Don't Get Distracted by Rust
Rust gets a lot of hype because it's super fast, and some people are amazed by its resource efficiency. But unless you're a very technical data engineer building tooling for other engineers, save your time.
If you use Polars over pandas, congratulations—you're already using Rust under the hood and maybe didn't even know it. I don't need to understand how a clock works to use it, and the same principle applies here.
For data use cases, Rust isn't necessary.
The Career-Defining Principle
Here's the most important thing I can tell you:
Technologies change, concepts don't.
Take data modeling, for example. The foundational books—Kimball and Inmon—are 30-40 years old, and their concepts are still used every day in companies worldwide. In 10 years, these concepts will still be applied, regardless of what language you're modeling your data in.
Whether you're using SQL stored procedures, Informatica, SSIS, dbt, or SQLMesh, you can apply the same fundamental concepts.
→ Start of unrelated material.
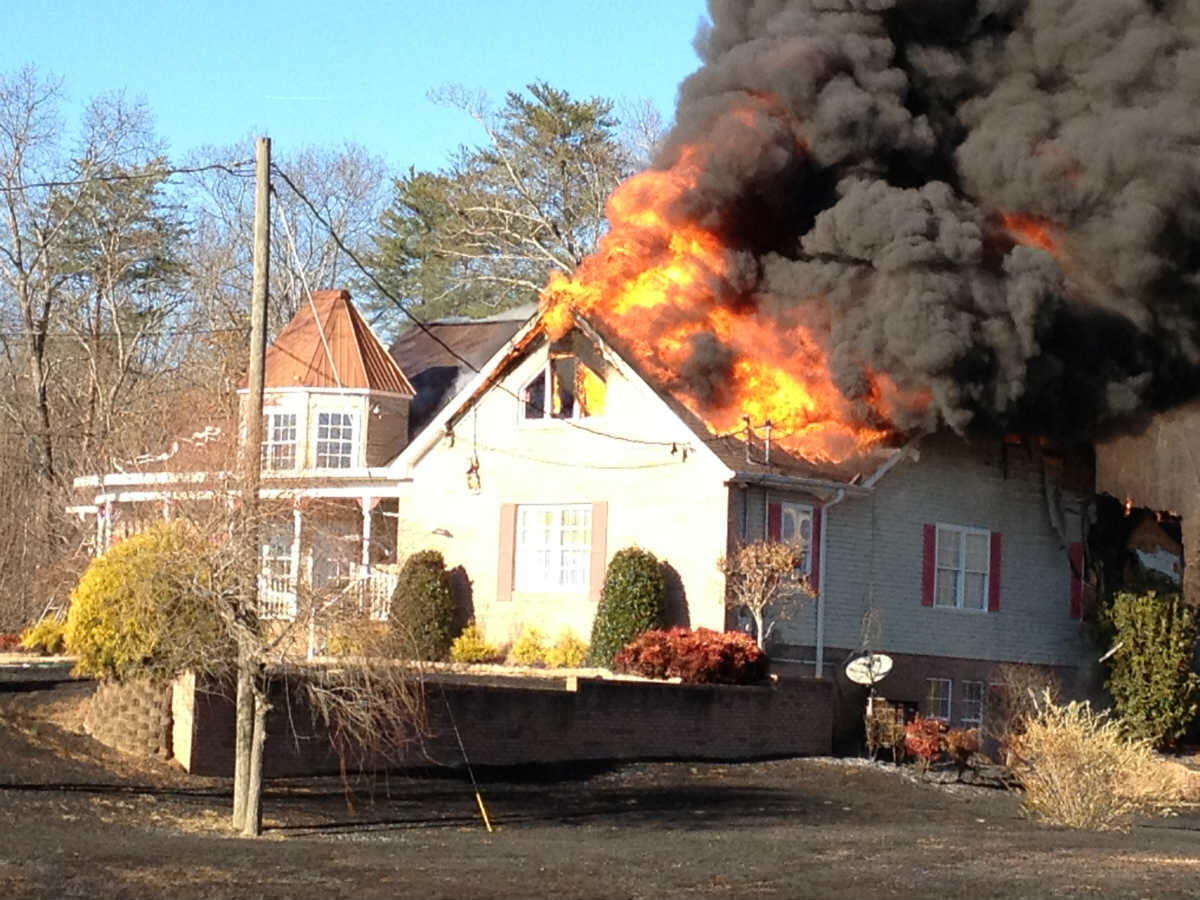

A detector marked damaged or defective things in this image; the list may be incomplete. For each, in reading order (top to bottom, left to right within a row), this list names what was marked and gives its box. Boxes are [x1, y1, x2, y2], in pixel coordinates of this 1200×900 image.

burned window opening [520, 355, 604, 422]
This makes your career future-proof and tool-agnostic.
My rule of thumb: if old things are still used, they’re apparently quite good.
(Just applies to concepts, not technologies like floppy disks)
Focus on learning principles that have already survived specific technologies. Master the fundamentals that will serve you regardless of what shiny new tool becomes popular next month.
The Bottom Line
The data field is full of people chasing the latest technology.
Don’t do “Resume Driven Development”. Instead, focus on:
Soft skills that help you understand problems and work with people
Core technical skills (SQL + Python + Spreadsheets) that handle 95% of your needs
Fundamental concepts that remain relevant across decades and technologies
What do you think? What did I miss, or what do you disagree with? I'd love to hear your perspective on what skills actually matter in data careers.